The Telegraph, a Sydney Australia tabloid, went on a rant last week when it was announced that a local girls' high school was to screen a LGBT-friendly documentary.

According to a report by Alex McKinnon on the Aussie website Junkee, the newspaper ran a front page story with a bold-faced headline that read "GAY CLASS OUTROAR." The story reported that the Burwood Girls High School planned on screening "Gayby Baby," a new documentary about Aussie kids in same-sex parenting families. The event McKinnon wrote is "to celebrate Wear It Purple Day on August 28, an annual event that aims to combat bullying and stigma against young LGBTI people in schools. Gayby Baby was chosen to show to the kids at least in part because it's directed by a former Burwood Girls student, Maya Newell."

While Wear It Purple Day has been an event that's been celebrated throughout Australia without incident for years, "the Tele saw an opportunity to stir up some gay-panic nonsense by claiming parents are 'outraged' that their kids are being subjected to pro-gay propaganda. To back that garbage angle up, the accompanying article quotes an anonymous parent who asserts 'they have no right to teach my daughter that kind of thing,' as well as local Presbyterian Minister Mark Powell, who claims in the article that the school 'is trying to change people's minds by promoting a gay lifestyle.'"

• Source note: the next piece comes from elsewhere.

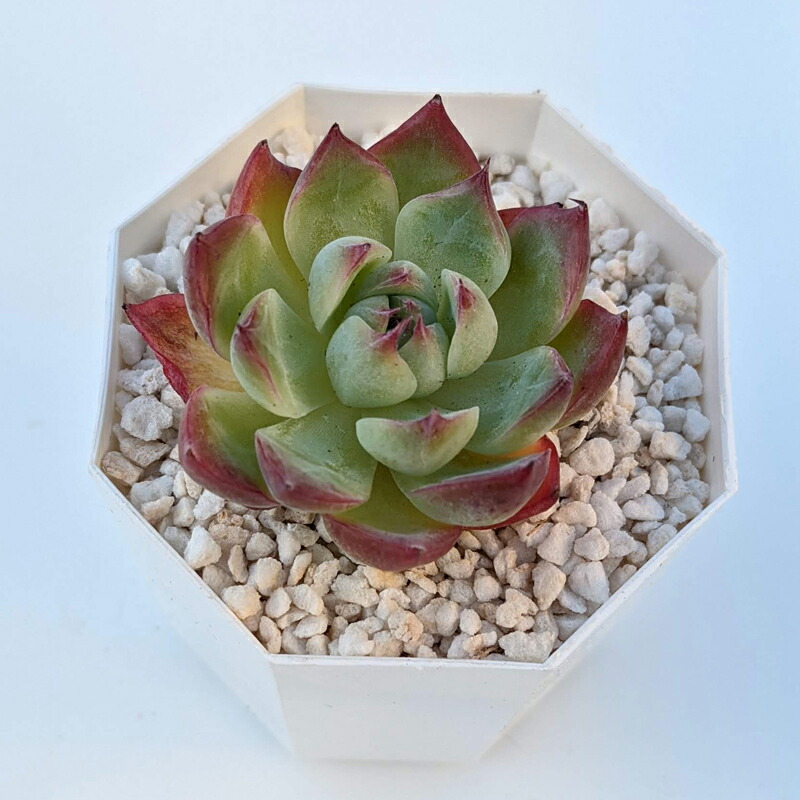 奇跡の再販 クリスタル錦 大苗 多肉植物 エケベリア 値引 Traverserdl Com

On Wednesday, though, the Australian edition of the Guardian downplayed the Telegraph story.

"The New South Wales Department of Education has confirmed that no parents had objected to the showing of 'Gayby Baby' during class time -- plans that have now been shelved across the state on the orders of the education minister, Adrian Piccoli," the Guardian reported.

" 'The school has not received any complaints from Burwood girls high school parents,' the department said in a statement."

"During school hours we expect them to be doing maths and English and curriculum matters," Piccoli told 2GB Radio. "This movie is not part of the curriculum and that's why I've made that direction."

The Telegraph also published an op-ed by columnist Piers Akerman under the title "Gay push should be kept out of schools," in which he disputed "the fantasy that homosexual families are the norm." Using a quote from one of the subjects, named Ebony, of "Gayby Baby," Akerman wrote:

"Twelve-year-old Ebony is quoted saying: 'It's not normal. You're not normal.' They're the kind of things that go through my head.'

"Well, Ebony, normality is the state of being usual, typical, or expected according to the Oxford Dictionary and according to the 2011 Census, there were only around 33,700 same-sex couples in Australia, with 17,600 male same-sex couples and 16,100 female same-sex couples. Same-sex couples represented about 1 per cent of all couples in Australia -- which would indicate they do not meet the definition 'normal.' "

His op-ed was accompanied by an inflammatory cartoon that showed a school girl being soaked by a rainbow-colored liquid called "Brainwash."

The film's director Maya Newell told the Guardian that she found the flap "quite upsetting and disappointing.

"Once again on the front page of the newspaper we've got all sorts of messaging going out to families and kids saying, 'You know what, your family isn't good enough, your parents aren't good enough,' " she said.